Data provided:
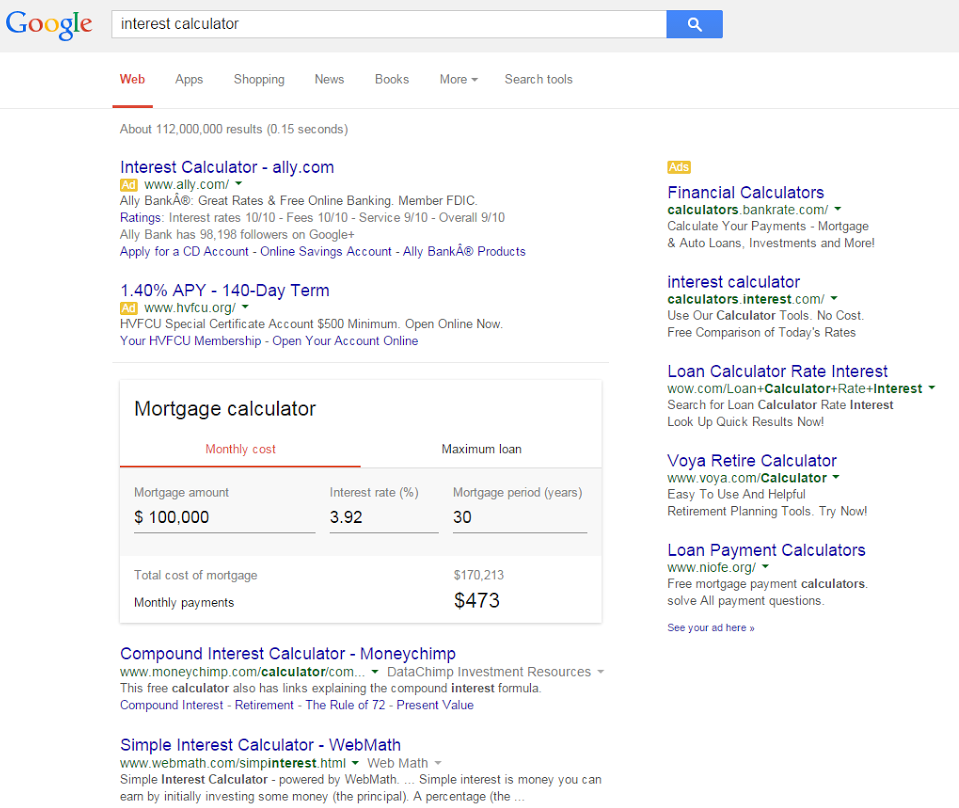 Google Testing New Mortgage Calculator Answer Box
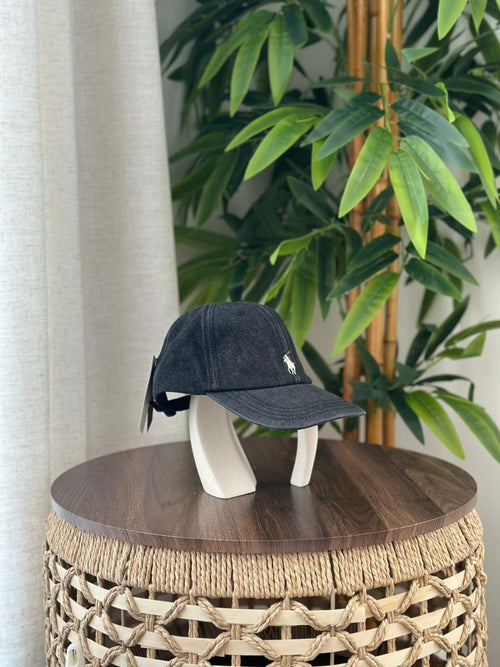 Polo Ralph Lauren Denim Ball Cap (Black Denim / White Pony)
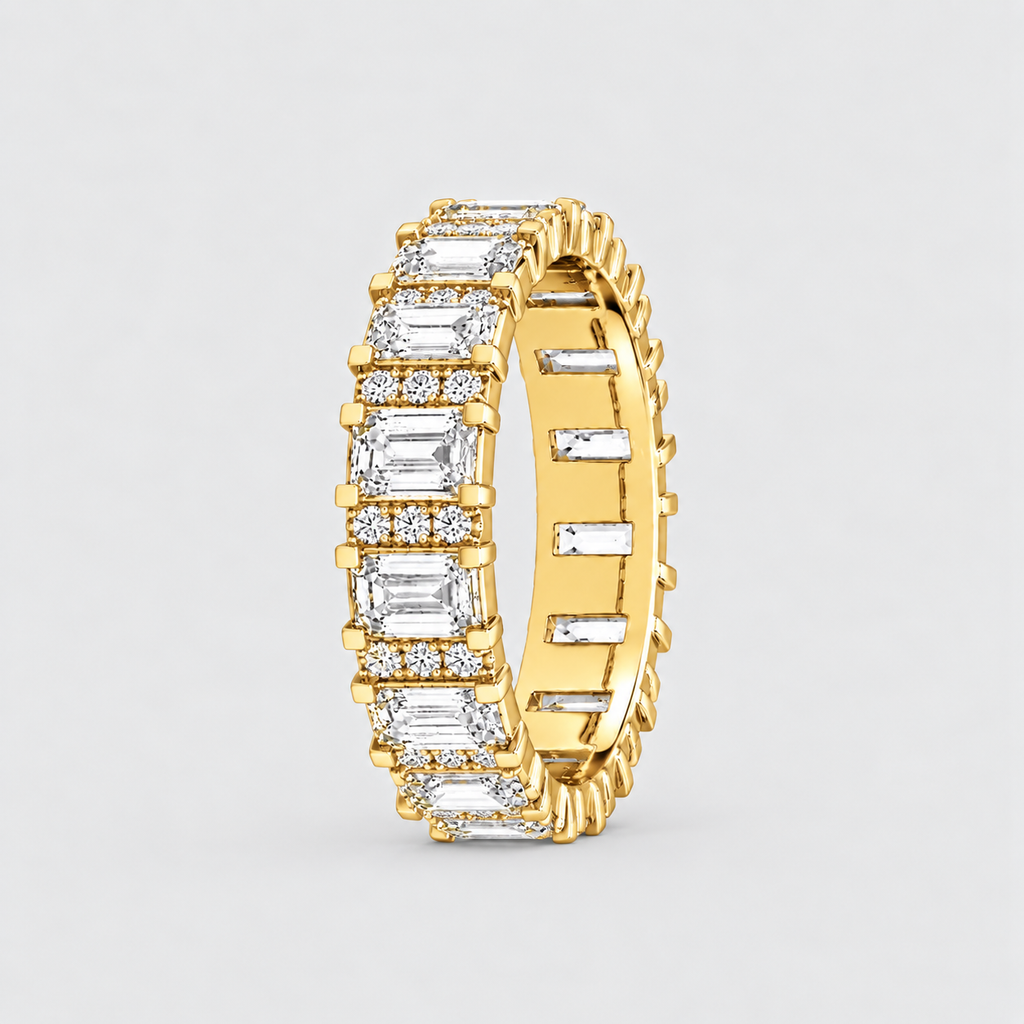 2.18 Ct. Lab-Grown Diamond Ring Eternity Band Emerald & Round (EF/VVS-VS)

What to do: Once the pictures are set aside, give the rest of the listing again exactly.

Answer box:
 Google Testing New Mortgage Calculator Answer Box
 Polo Ralph Lauren Denim Ball Cap (Black Denim / White Pony)
 2.18 Ct. Lab-Grown Diamond Ring Eternity Band Emerald & Round (EF/VVS-VS)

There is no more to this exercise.